Comment
le design produit « made in France » peut-il évoluer ? a-t il un
intérêt ? Comment s‘accorde t-il avec le redressement productif et la réindustrialisation
française ?
Le
constat qui saute à l‘œil est la bipolarisation entre le monde du luxe et
celui du moyen/bas de gamme. On observe d‘un coté, le marché juteux des produits de luxe légitimés
par leur histoire, leur statut et dynamisé
par les créatifs du marketing, et de l‘autre les produits de grande
consommation en concurrence directe avec le « made in China ».
Cette « bipolarité »
est bien de chez nous, comme si l‘industrie à l‘instar de la société française voulait reproduire une barrière infranchissable
entre élitisme et volonté farouche de démocratiser.

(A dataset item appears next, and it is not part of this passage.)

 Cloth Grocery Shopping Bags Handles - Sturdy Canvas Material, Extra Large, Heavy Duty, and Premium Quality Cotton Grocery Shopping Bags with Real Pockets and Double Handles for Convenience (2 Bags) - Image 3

En France, on démocratise. A titre d’exemple, Renault a ouvert l
‘utilitaire aux familles nombreuses (Kangoo), rendu accessible
le monospace dans toutes les gammes (Espace, Scénic, Twingo). Toujours dans sa démarche
logique de constructeur « populaire », Renault s’est
engagé dans une course au low cost en produisant la Logan. Cette démarche
démocratique et créative se révèle en effet payante dans les périodes d’émulation
économique mais qu’en est il aujourd’hui ? En période de crise, la donne
change. Aujourd’hui la marque veut démocratiser l‘électrique en
le déclinant déjà sur plusieurs produits moyenne gamme, sans avoir un seul
produit électrique phare de haute qualité sur lequel s’appuyer. On peut alors s’interroger
sur les retombées à terme. En parallèle
de cette démocratisation, dans le
luxe français, l‘éternel sac Kelly fait la une des
journaux sans évolution notable. Le
N°5 de Chanel continue encore et toujours à faire rêver. Hermès prône son
savoir faire de sellier traditionnel (…) Rien ne change, tout est figé, c’est la tradition et la légende qui
font la force du luxe français. Eh
oui, en France, on « met en conserve »
nos élites (oui, mais dans de jolis bocaux).

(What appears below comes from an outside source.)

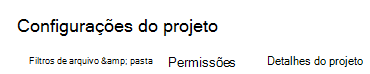 apenas os nomes dos separadores das categorias de definições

A contrario, à l‘étranger, le constructeur
automobile Tesla et le fabricant d’électroménager Liebherr sont tous deux
positionnés haut de gamme, ils ont un
réel avantage qualitatif et sont innovants. Tous deux jouissent d’abord d‘une image haut de gamme portée par des consommateurs exigeants.

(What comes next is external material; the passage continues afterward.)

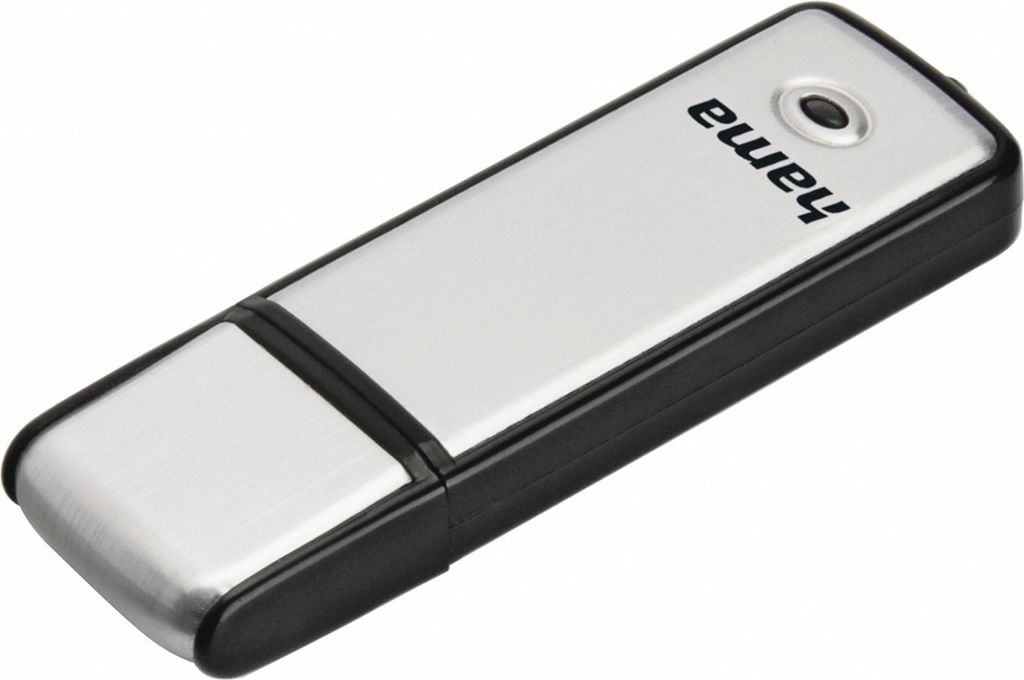 Hama USB-Stick Fancy, USB 2.0, 128 GB, Schwarz/Silber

Dans un second temps, ils déclinent leurs innovations en vendant des produits moyenne gamme et démocratisent
par ce biais leurs innovations (cool, demain je m ‘achète une Tesla
électrique ou un Liebherr moins cher). A
l’étranger même les maisons de luxe jouent sur cette haute qualité. A titre
d’exemple, La Prairie, marque de cosmétiques suisse, Dr
Hauschka, marque allemande (…) Tous prônent un
luxe haute qualité intrinsèque au produit, une forte technicité scientifique et de l’innovation dans un
esprit contemporain.
Je vise
à montrer que ce manque « de conception globale qualitative », de mélange savant entre usage,
technologie, durabilité, finition, innovation, éthique, systémique et désirabilité
dans l‘offre des produits français (même si nous avons quelques
prémices : exagone Motors, DS…) fait cruellement défaut en cette période
de rigorisme.
Et le
design produit dans tout cela ? Tout d‘abord pas de souveraineté
industrielle sans souveraineté du design. Le design se fait le concepteur et le
porteur de toutes ces notions évoquées auparavant. Le design hume ce besoin
depuis longtemps. Le designer industriel de France, lui, attend par exemple de
pouvoir enfin concevoir un frigo de qualité dont les lignes s‘apprécieront encore demain, dont les cotés, l‘intérieur, le détail et l‘usage feront écho à l'élégance de sa façade, et dont le logo sera directement bosselé
sur la matière comme une « marque inaliénable » au produit. Mais les
financiers de la marque accompagneront-ils le designer dans cette démarche qualitative ? Les
marques françaises oseront-elles une montée en gamme avec une augmentation du
prix d’achat, se permettront-elles ainsi d‘apporter de vraies innovations ?
L’usager pourra-il enfin avoir le plaisir de revendre le produit français comme
une vieille Mercedes, datée d’une époque, en vantant ses mérites d‘hier et d‘aujourd’hui ?
Et la
démocratisation ? Pour démocratiser, il faut déjà créer des produits de valeur qui
supportent le coût de l‘innovation, pour les décliner dans un second temps sur
des produits moyenne gamme. On ne peut pas démocratiser sans rien avoir à
démocratiser, or le luxe n'innove
pas fondamentalement et les
produits moyenne gamme ne peuvent supporter le coup des innovations optimum !
Alors Mesdames,
Messieurs les Français ? Quand trouverons- nous ces « nouvelles
classes d‘objets » favorisant « la conception globale qualitive »,
permettant le courant démocratique entre notre élitisme légendaire et notre simplicité populaire ?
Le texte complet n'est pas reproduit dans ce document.